*Data section*
=== Begin Enclosure ===
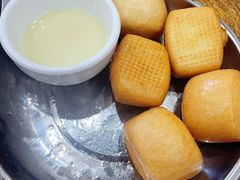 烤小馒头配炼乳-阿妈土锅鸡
=== End Enclosure ===
=== Begin Enclosure ===
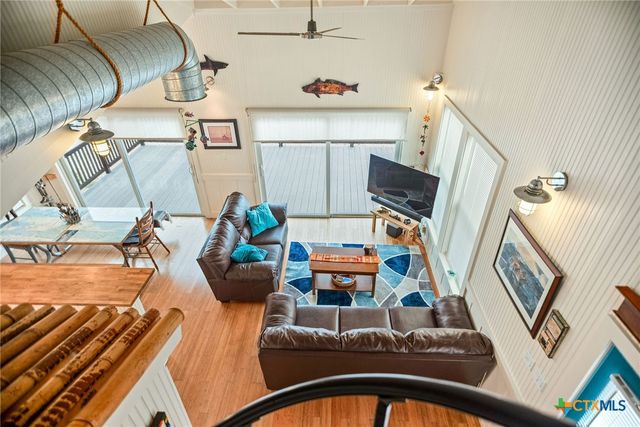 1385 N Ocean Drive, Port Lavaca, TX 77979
=== End Enclosure ===
=== Begin Enclosure ===
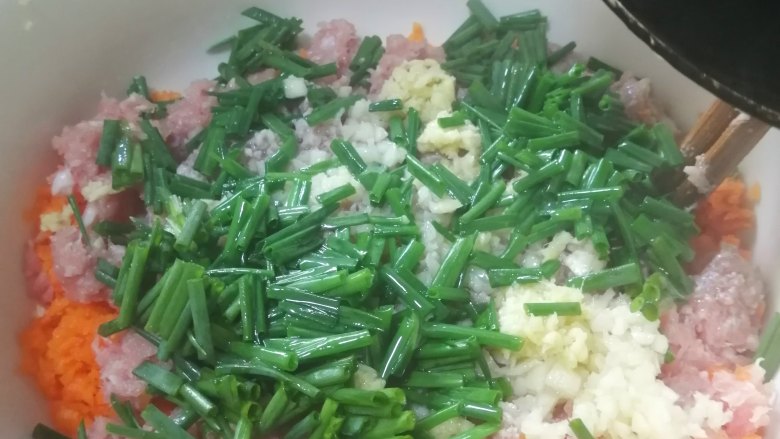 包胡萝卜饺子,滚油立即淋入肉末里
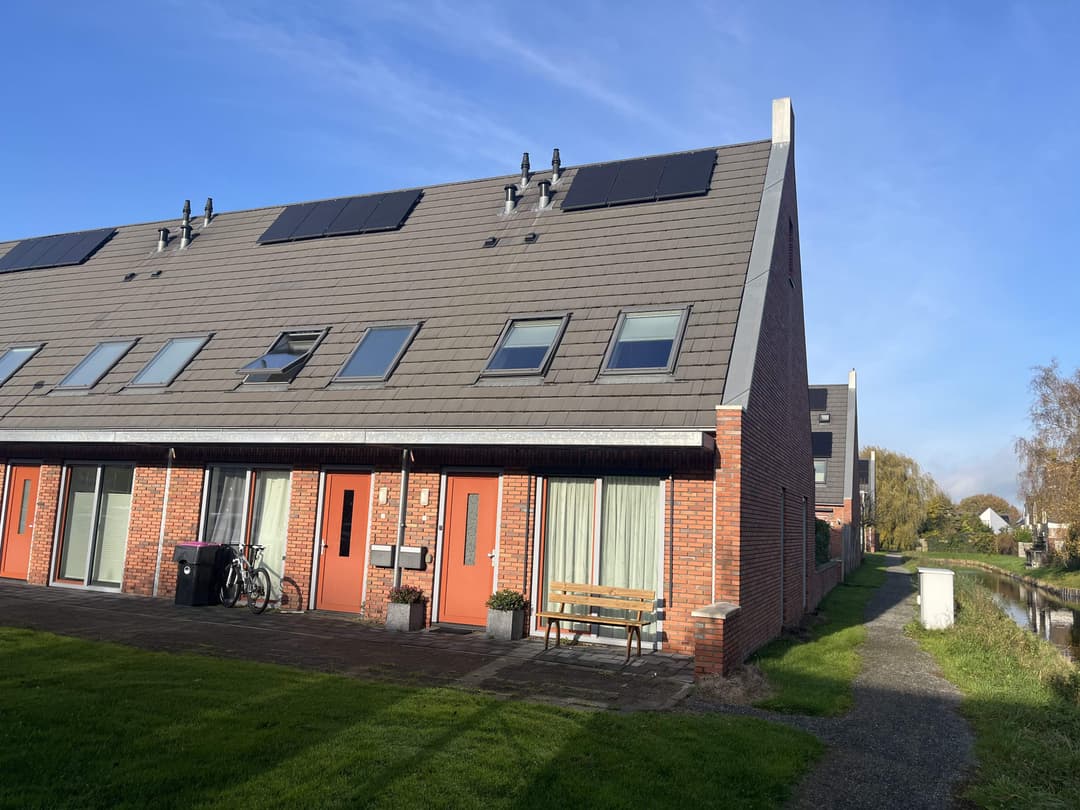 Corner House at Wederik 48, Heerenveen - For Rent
=== End Enclosure ===
*Exercise*
The answer must be the lines above from the one containing "包胡萝卜饺子,滚油立即淋入肉末里" through the one containing "Corner House at", reproduced exactly, with no pictures and nothing else.

*Output below*
 包胡萝卜饺子,滚油立即淋入肉末里
 Corner House at Wederik 48, Heerenveen - For Rent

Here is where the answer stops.